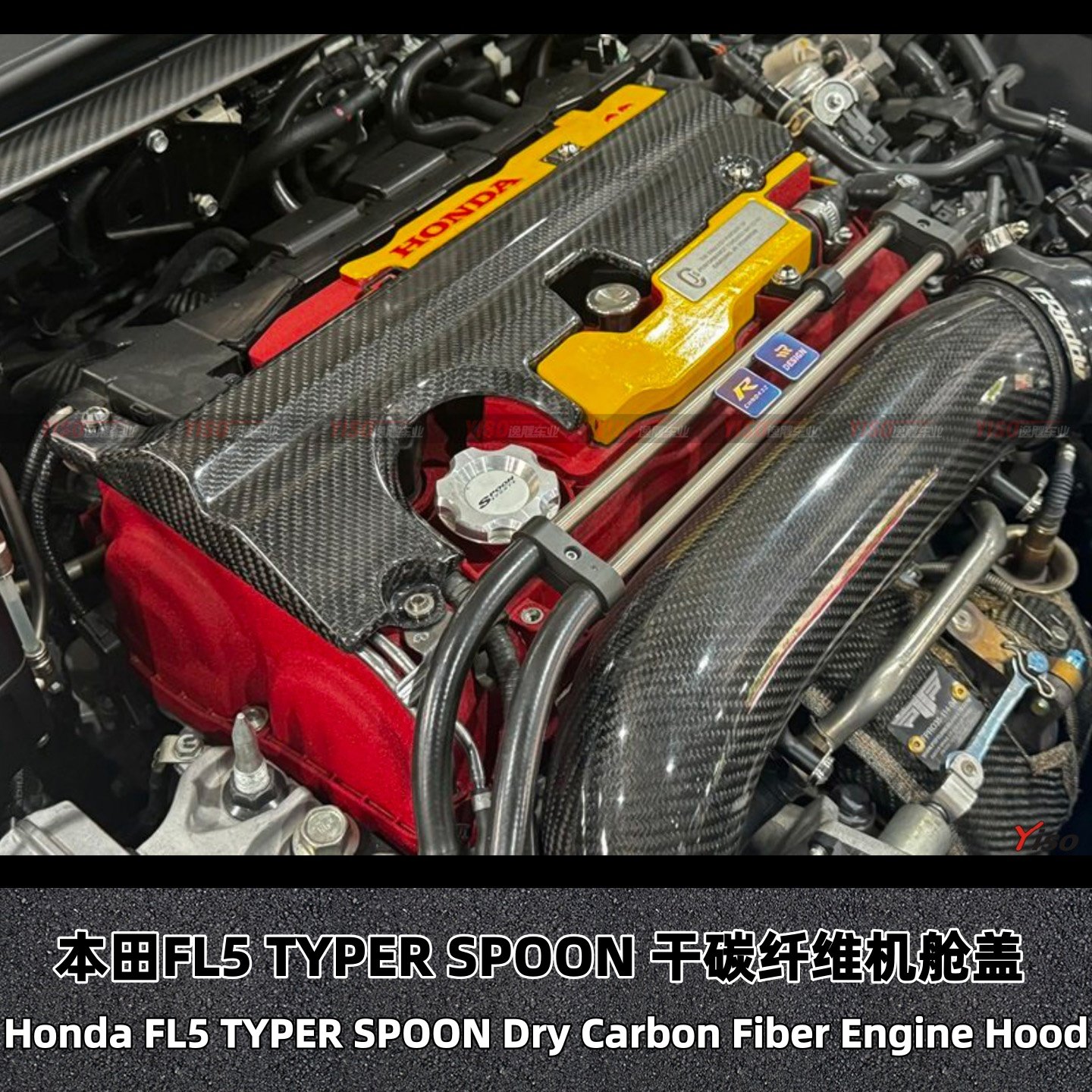 适用于本田FL5 TYPER SPOON 干碳纤维火花塞罩盖引擎护盖机舱盖,汽车零部件/养护/美容/维保,汽车包围,淘宝优惠券,粉丝福利购,淘宝优惠卷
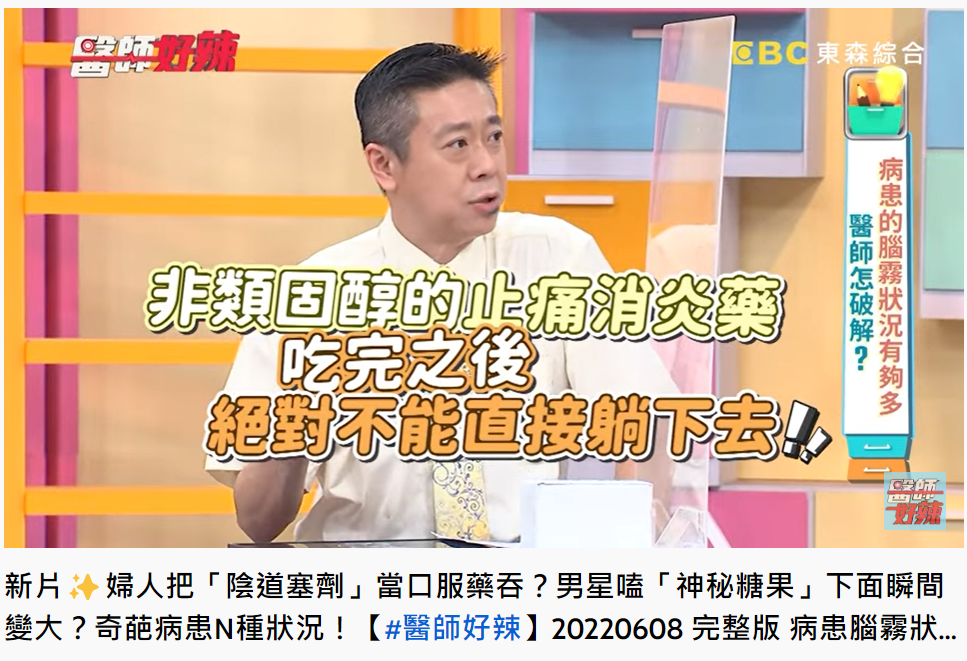 外科醫師陳榮堅提醒用藥注意事項。(圖/翻攝自醫師好辣YouTube)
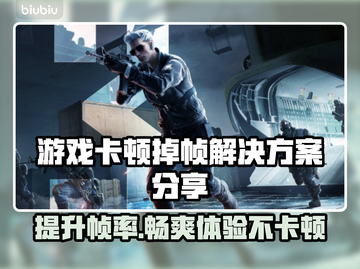 打游戏卡顿掉帧？这些解决办法让你畅玩无忧🔥🎮截图1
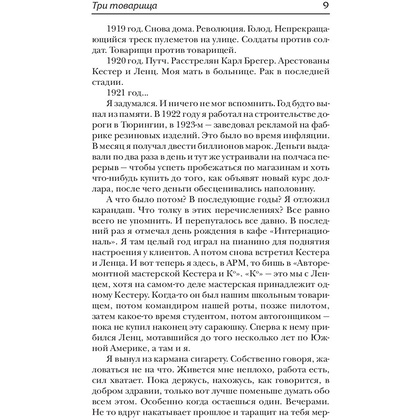 Книга "Три товарища", Эрих Мария Ремарк - 8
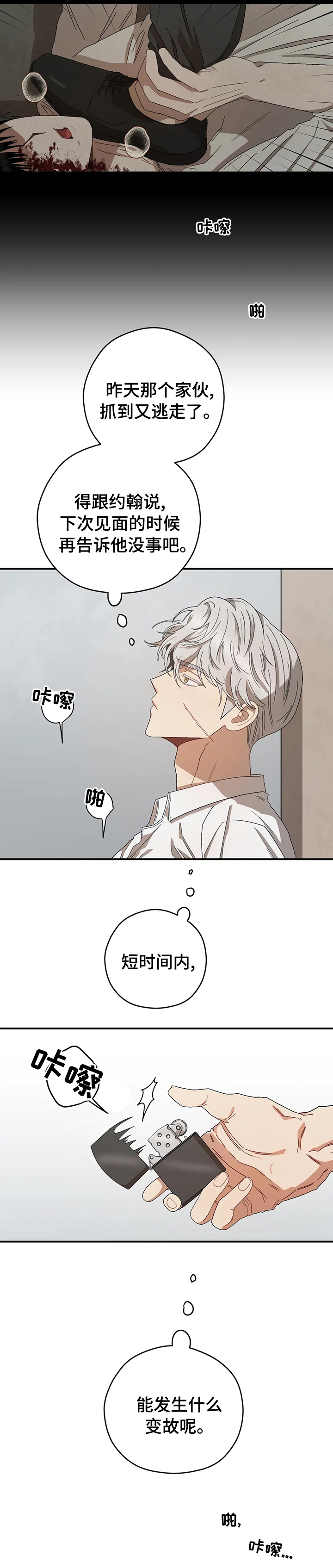 区域间谍漫画,第46话1图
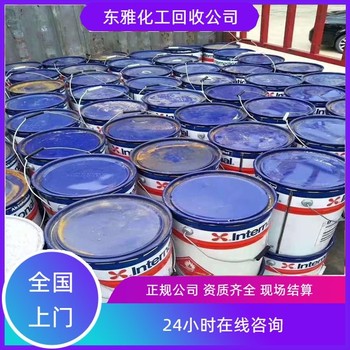 赤峰回收硫酸鎳，回收過期油漆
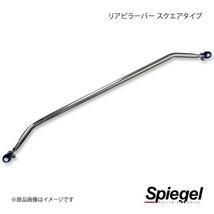 Spiegel シュピーゲル リアピラーバー スクエアタイプ ツイン EC22S RP-SZ0550PIE00-01_画像1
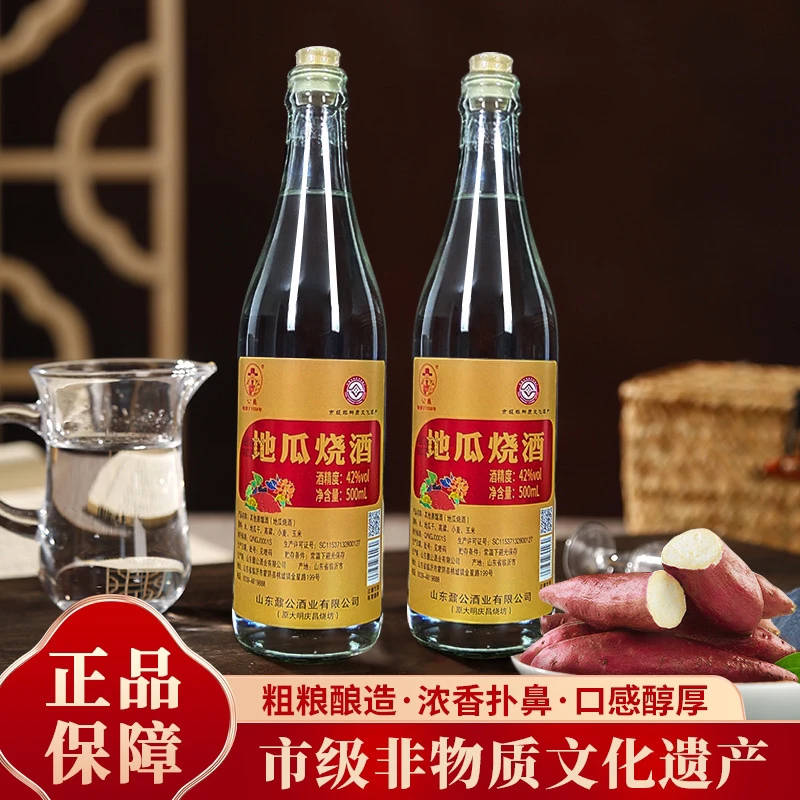 公鼐山东大集地瓜烧酒粗粮酿造42度*500ml瓶装42度500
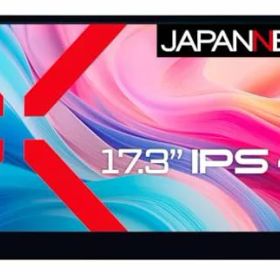 JAPANNEXT 17.3インチ モバイルモニター IPS パネル 4K UHD 3840x2160解像度 スマートケース付き (Type C/MAC PC対応/スピーカー内蔵 / sRGB100% / 光沢) JN-MD-IPS173UHDR-T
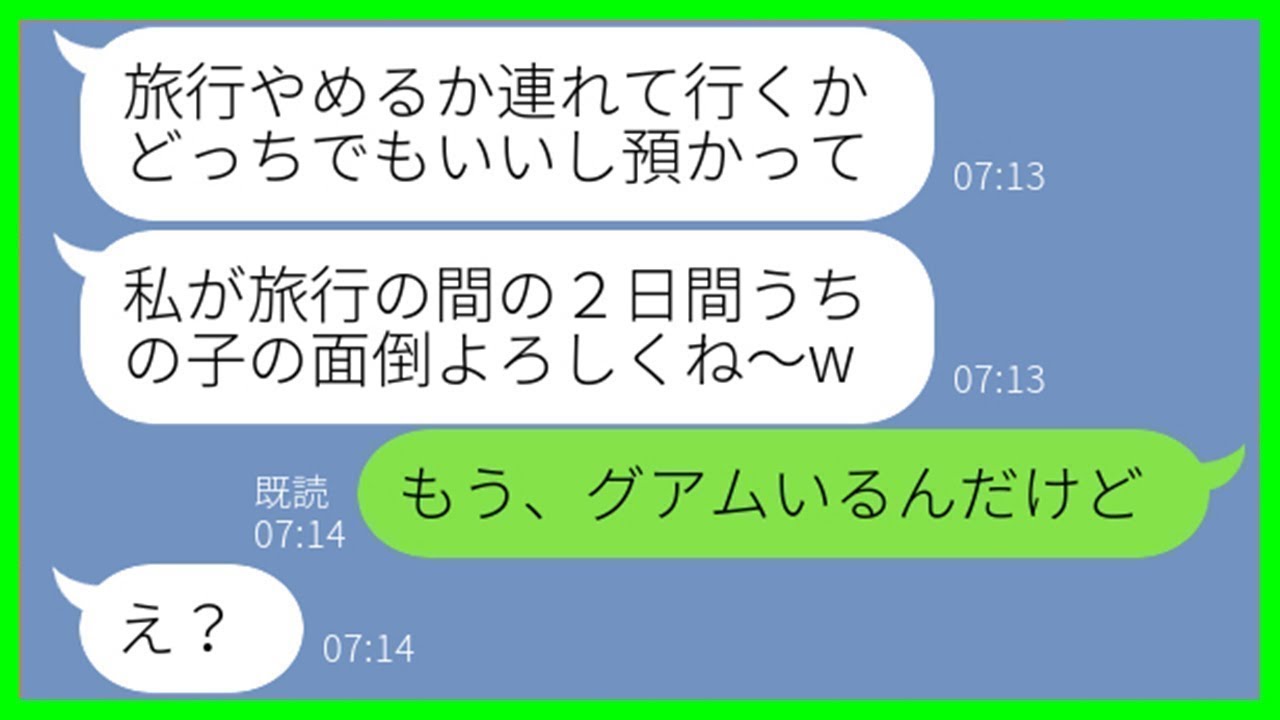 【LINE】結婚10周年の海外旅行当日、勝手に子供を置き去りにして出発する非常識ママ友「面倒見といてねw」→忠告を無視して浮かれるDQN女に“ある真実”を伝えた瞬間の反応が…ww【スカッとする話】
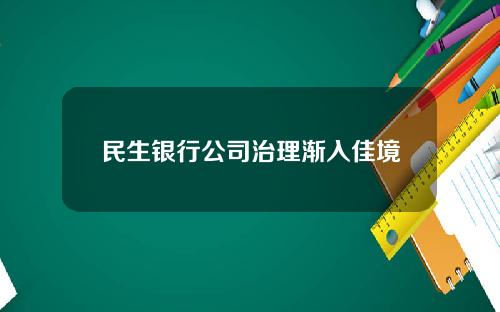 民生银行公司治理渐入佳境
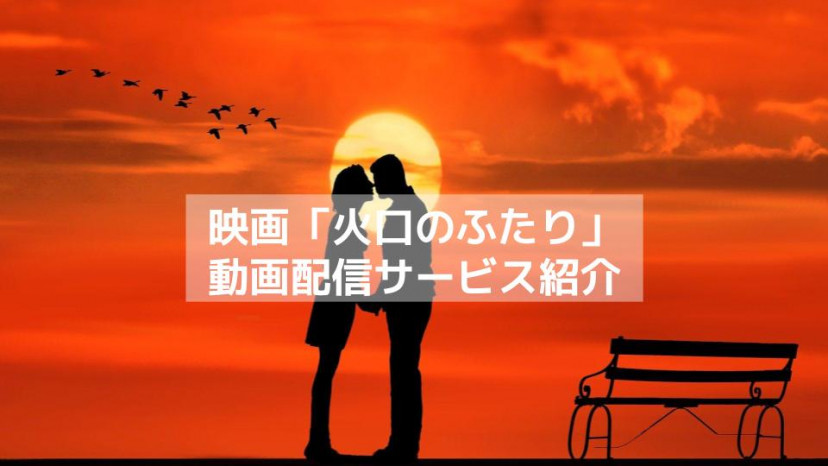 火口のふたり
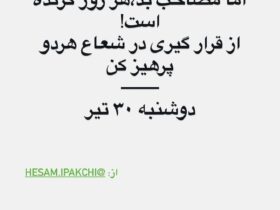 استوری معنادار حبیب رضایی درباره همنشینی با افراد ناشایست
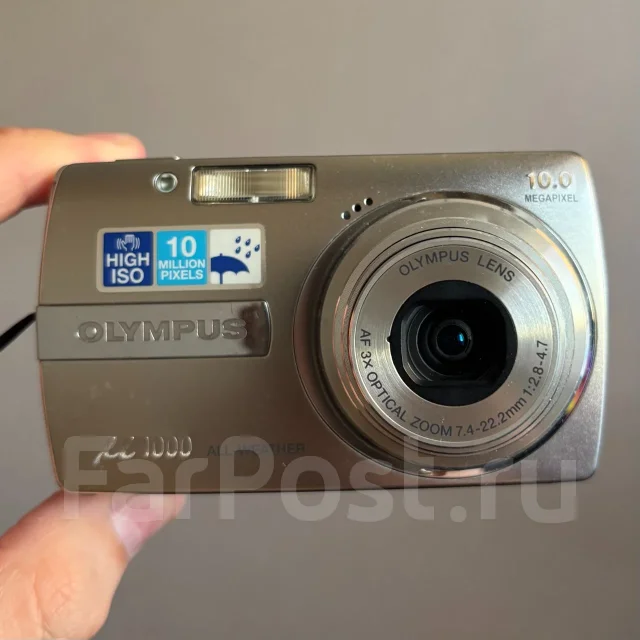 Olympus. 10 - 14.9 ��, ���: 3� ����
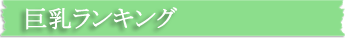 巨乳ランキング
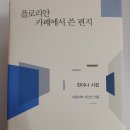 플로리안 카페에서 쓴 편지 - 한이나 시집 / (서정시학) 이미지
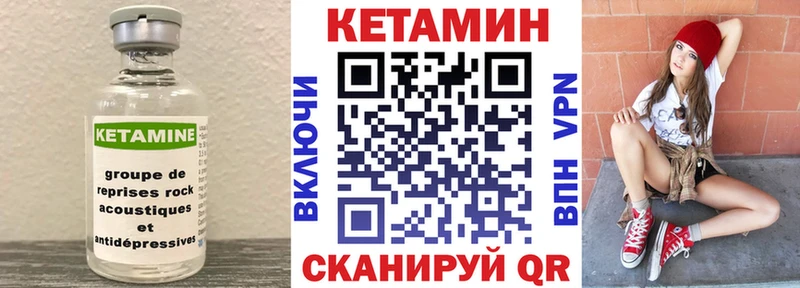 КЕТАМИН ketamine  Купить где  Облучье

_____

### Assigned task
Given the listing above, repeat exactly the lines starting at the one with "外科醫師陳榮堅提醒用藥注意事項。(圖/翻攝自醫師好辣YouTube)" and ending at the one with "استوری معنادار حبیب", inclusive, excluding pictures.

### Written answer
 外科醫師陳榮堅提醒用藥注意事項。(圖/翻攝自醫師好辣YouTube)
 打游戏卡顿掉帧？这些解决办法让你畅玩无忧🔥🎮截图1
 Книга "Три товарища", Эрих Мария Ремарк - 8
 区域间谍漫画,第46话1图
 赤峰回收硫酸鎳，回收過期油漆
 Spiegel シュピーゲル リアピラーバー スクエアタイプ ツイン EC22S RP-SZ0550PIE00-01_画像1
 公鼐山东大集地瓜烧酒粗粮酿造42度*500ml瓶装42度500
 JAPANNEXT 17.3インチ モバイルモニター IPS パネル 4K UHD 3840x2160解像度 スマートケース付き (Type C/MAC PC対応/スピーカー内蔵 / sRGB100% / 光沢) JN-MD-IPS173UHDR-T
 【LINE】結婚10周年の海外旅行当日、勝手に子供を置き去りにして出発する非常識ママ友「面倒見といてねw」→忠告を無視して浮かれるDQN女に“ある真実”を伝えた瞬間の反応が…ww【スカッとする話】
 民生银行公司治理渐入佳境
 火口のふたり
 استوری معنادار حبیب رضایی درباره همنشینی با افراد ناشایست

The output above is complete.